**DATA RECORDS**
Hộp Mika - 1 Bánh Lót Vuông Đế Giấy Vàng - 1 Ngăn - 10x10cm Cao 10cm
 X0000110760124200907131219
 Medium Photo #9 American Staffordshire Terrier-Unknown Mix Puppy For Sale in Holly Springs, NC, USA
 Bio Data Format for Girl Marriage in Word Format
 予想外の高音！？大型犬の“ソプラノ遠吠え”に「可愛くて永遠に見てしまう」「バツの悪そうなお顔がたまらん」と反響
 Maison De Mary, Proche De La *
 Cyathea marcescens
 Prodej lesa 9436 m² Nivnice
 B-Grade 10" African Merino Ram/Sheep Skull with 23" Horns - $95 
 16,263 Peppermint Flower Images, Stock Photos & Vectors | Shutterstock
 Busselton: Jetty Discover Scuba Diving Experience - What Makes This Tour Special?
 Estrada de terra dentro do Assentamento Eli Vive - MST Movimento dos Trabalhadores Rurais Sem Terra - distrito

**WORK TO BE COMPLETED**
Exactly as they stand above, repeat all the records.

**OUTPUT FOR THIS TASK**
Hộp Mika - 1 Bánh Lót Vuông Đế Giấy Vàng - 1 Ngăn - 10x10cm Cao 10cm
 X0000110760124200907131219
 Medium Photo #9 American Staffordshire Terrier-Unknown Mix Puppy For Sale in Holly Springs, NC, USA
 Bio Data Format for Girl Marriage in Word Format
 予想外の高音！？大型犬の“ソプラノ遠吠え”に「可愛くて永遠に見てしまう」「バツの悪そうなお顔がたまらん」と反響
 Maison De Mary, Proche De La *
 Cyathea marcescens
 Prodej lesa 9436 m² Nivnice
 B-Grade 10" African Merino Ram/Sheep Skull with 23" Horns - $95 
 16,263 Peppermint Flower Images, Stock Photos & Vectors | Shutterstock
 Busselton: Jetty Discover Scuba Diving Experience - What Makes This Tour Special?
 Estrada de terra dentro do Assentamento Eli Vive - MST Movimento dos Trabalhadores Rurais Sem Terra - distrito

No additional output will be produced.